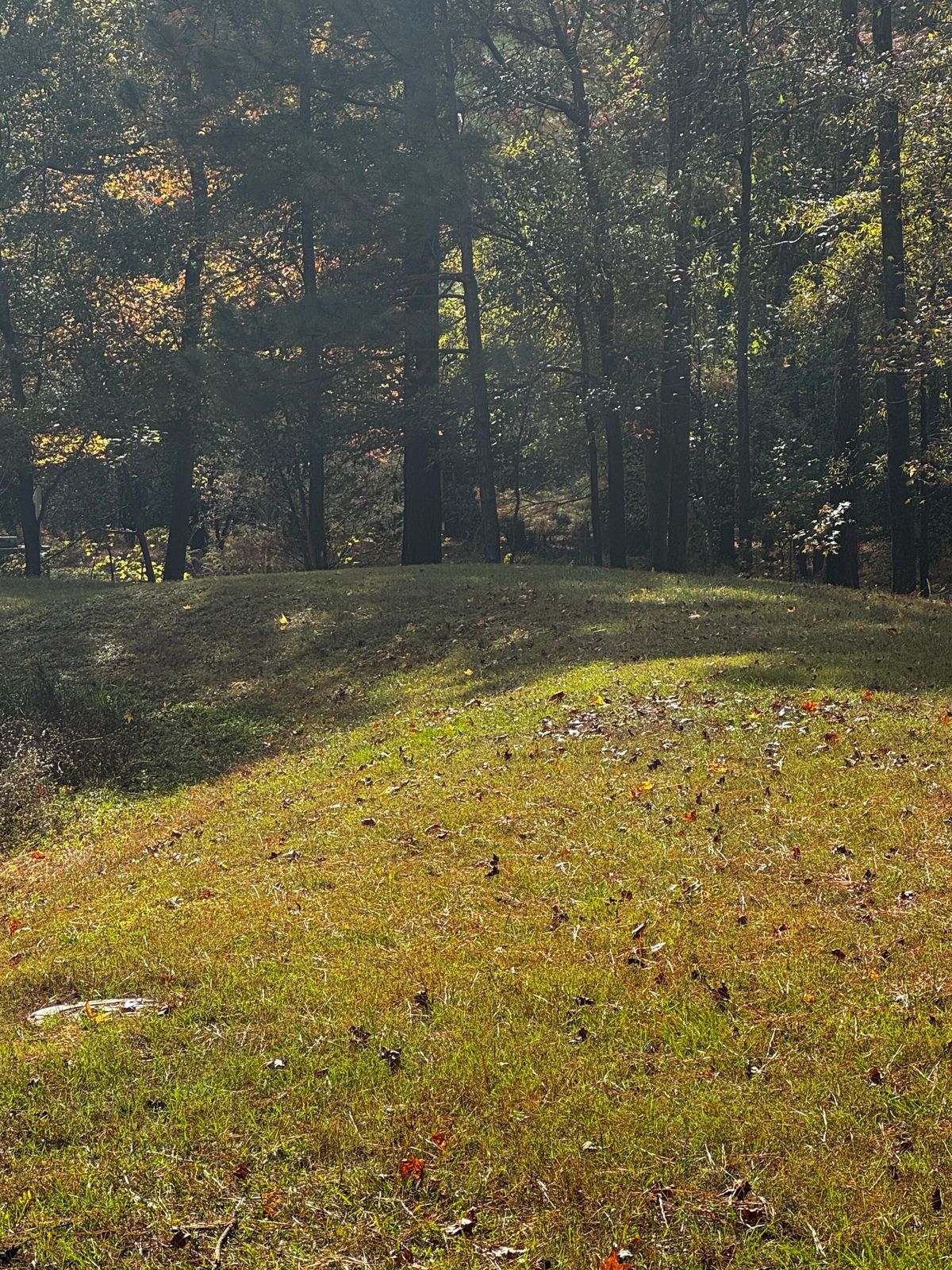 Hole 5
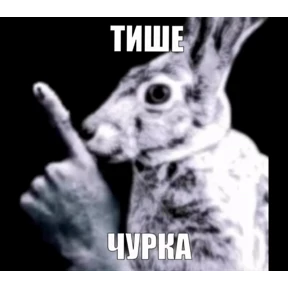 Е6аный насрал — стикер для MAX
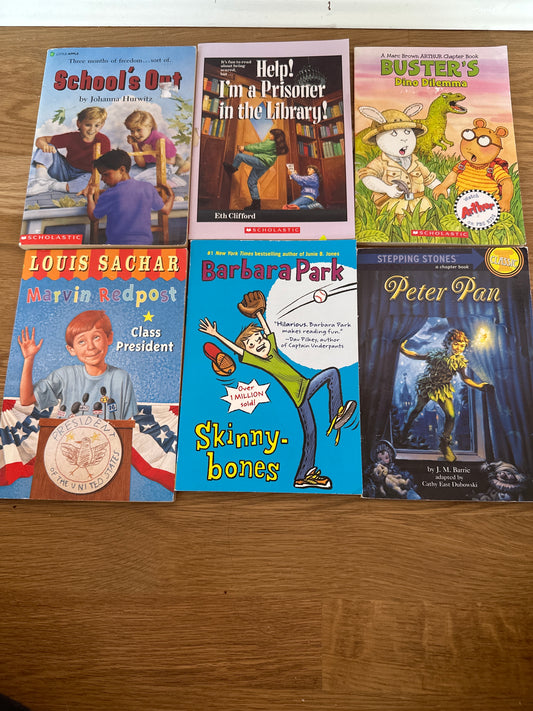 #130 Kids Random Book Bundle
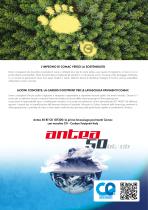 ANTEA-7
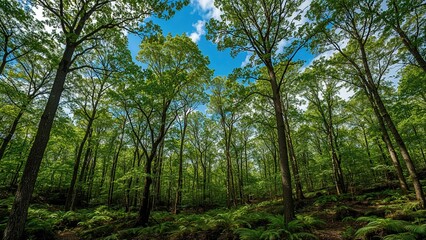 Fototapeta premium Lush Forest Canopy With Verdant Trees Stretching Up To The Blue Sky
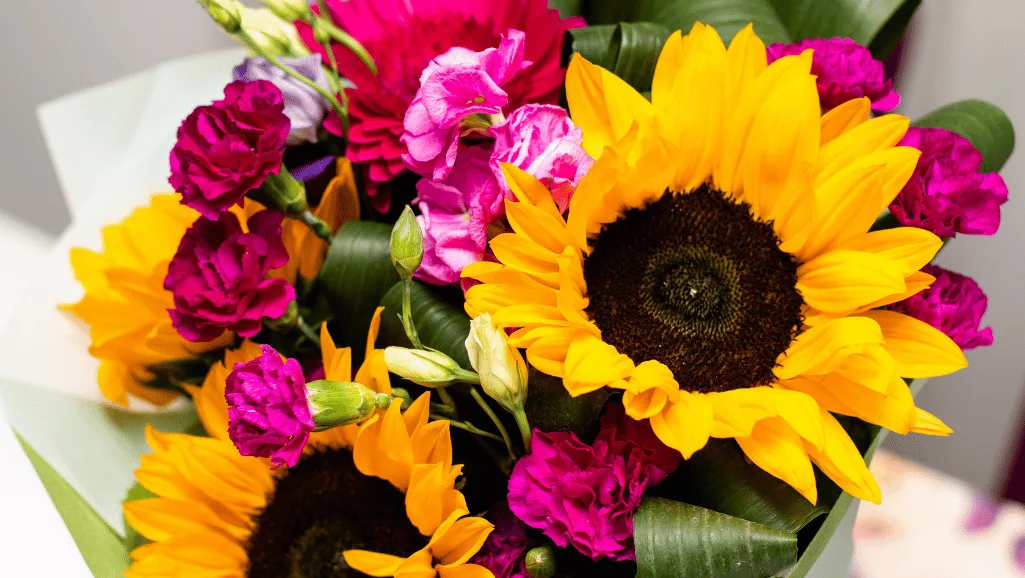 Planting annual sunflower seeds for sunflower reproduction
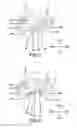 Fig. 04 - Power tool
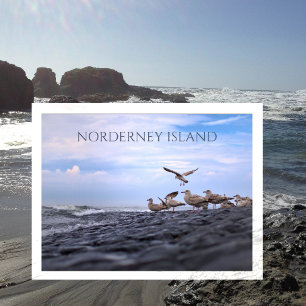 Gulls Gathering, North Sea, Norderney, East Frisia Postcard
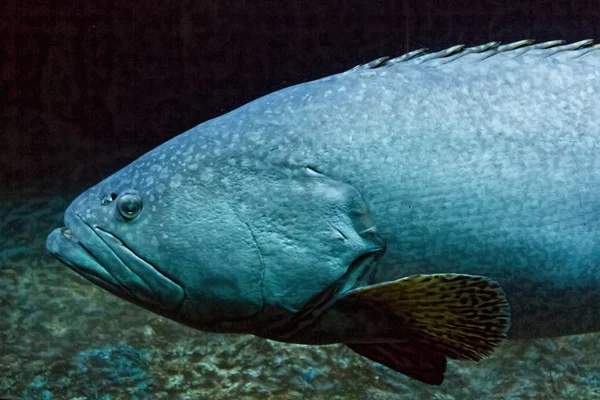 Énorme poisson eau froide bleuâtre — Photo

===============

### Task goal
Nothing but an exact copy is needed, covering the lines from the line with "Gulls Gathering, North" through the last line of the entries, pictures excluded.

### Written solution
 Gulls Gathering, North Sea, Norderney, East Frisia Postcard
 Énorme poisson eau froide bleuâtre — Photo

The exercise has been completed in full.